A reader pointed out that I didn’t write a “best of 2016” post, which is correct, but “best of” strikes me wrong, so I’m going to write about good books that I happened to read in 2016 and that you should read too.
* The Undoing Project: A Friendship That Changed Our Minds by Michael Lewis, probably the best book I read all year, except maybe for Blindsight, but that is so different that the two aren’t really comparable.
* Perfect Rigor: A Genius and the Mathematical Breakthrough of the Century by Masha Gessen, another narrative nonfiction book, though this one emerged and escaped my notice in 2009.
* The Map and the Territory by Houellebecq, still weird and likely always weird; Houellebecq has his misses, especially The Possibility of an Island, but his hits are strong, weird, and different—with “different” too often meaning “bad,” but not in his case.
* Cryptonomicon by Neal Stephenson, one of those amazing books worth re-reading whenever you can’t find a new book to read.
* The Song Machine: Inside the Hit Factory by John Seabrook, which is novelistic in detail and beautifully reported.

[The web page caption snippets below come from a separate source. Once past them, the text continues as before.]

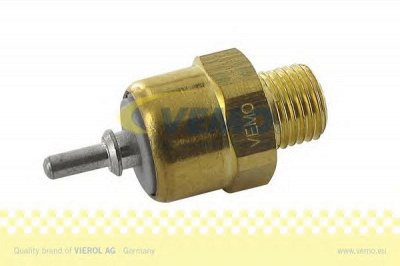 VEMO v30720084 -  Термовыключатель, вентилятор радиатора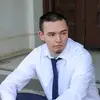 Evan Rhodes - @evanrhodes - TikTok
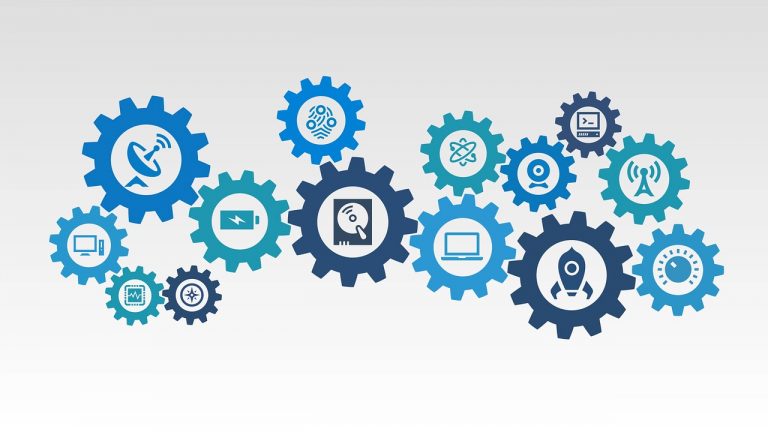 Building a carrier class Low Power Aide Area Network for Internet of Things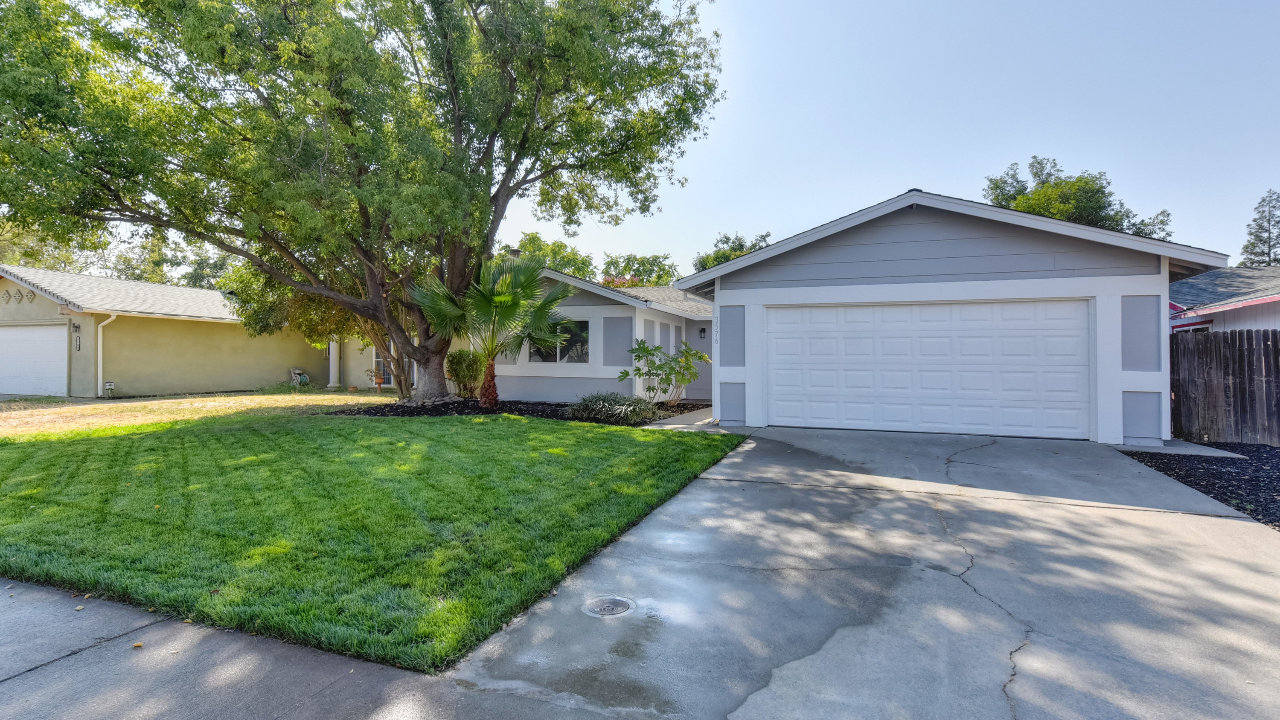 3576 Granby Drive, Sacramento, CA, 95827 Scene 2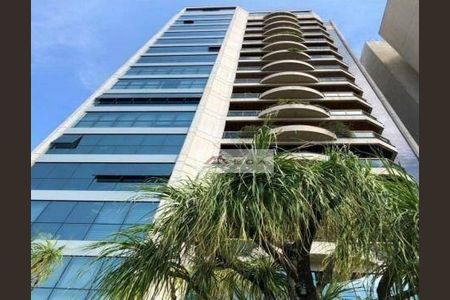 7_photo/94c8cf4ef9.adabb6b166a93dd1-ATLAS-c9044b67-5dce-4b3d-aec6-15de69dca852.jpg de apartamento para alugar com 4 quartos, 568m² em Cambuí, Campinas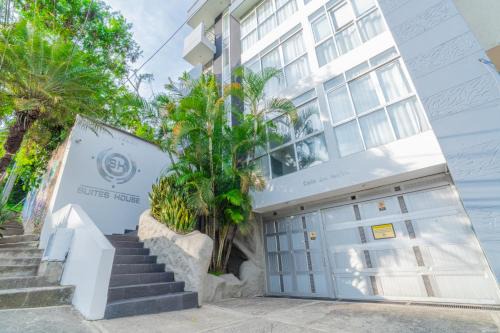 Granada Apartamento | Suites House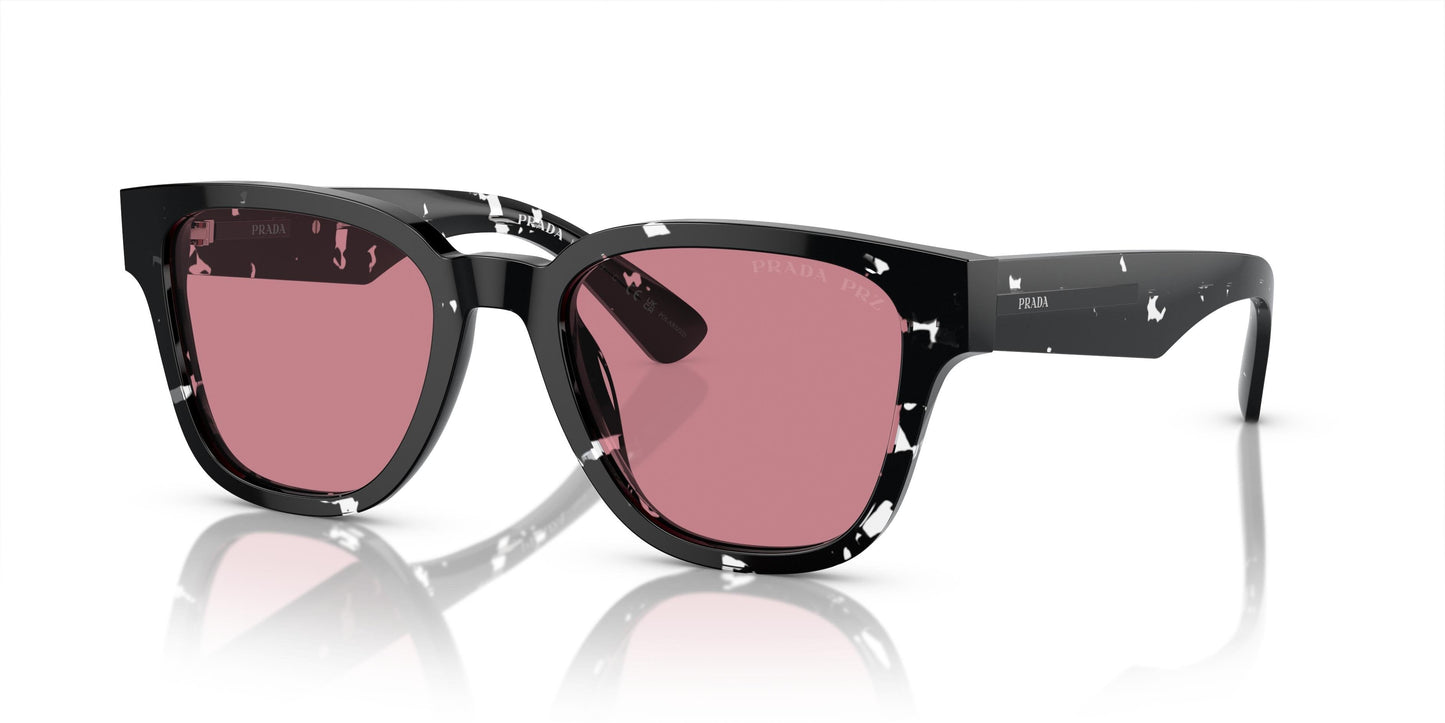 Prada PR A04S 15O70C 52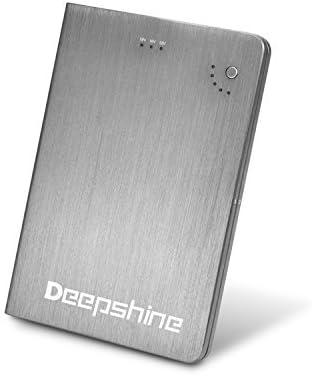 Deepshine - charger - 39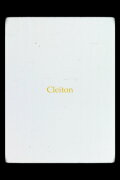 Cleiton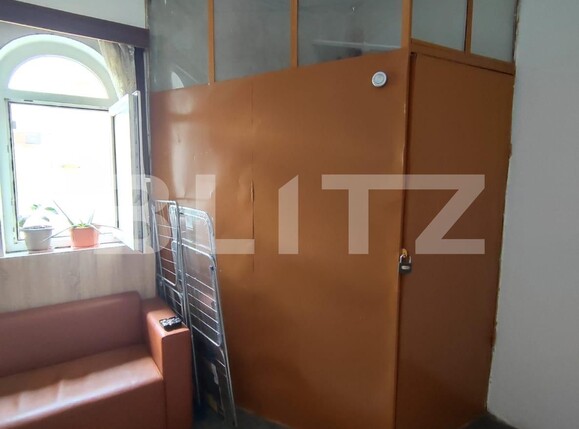 Apartament de vânzare 2 camere Calea Severinului - 95701AV | BLITZ Craiova | Poza7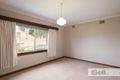 Property photo of 10 Orchid Avenue Boronia VIC 3155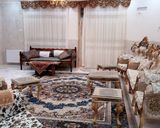 واحد تک خواب یاس واحد تک خواب یاس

I didn’t fully know where the music everyone listens to comes from and now I do.
I’ve been having trouble finding really good novels, though my tastes are idiosyncratic and I don’t have rules for what makes a good novel besides the tautological, “Be really good.” If you have suggestions drop me a line.
The most-visited post I wrote last year is “The race to the bottom of victimhood and ‘social justice’ culture.”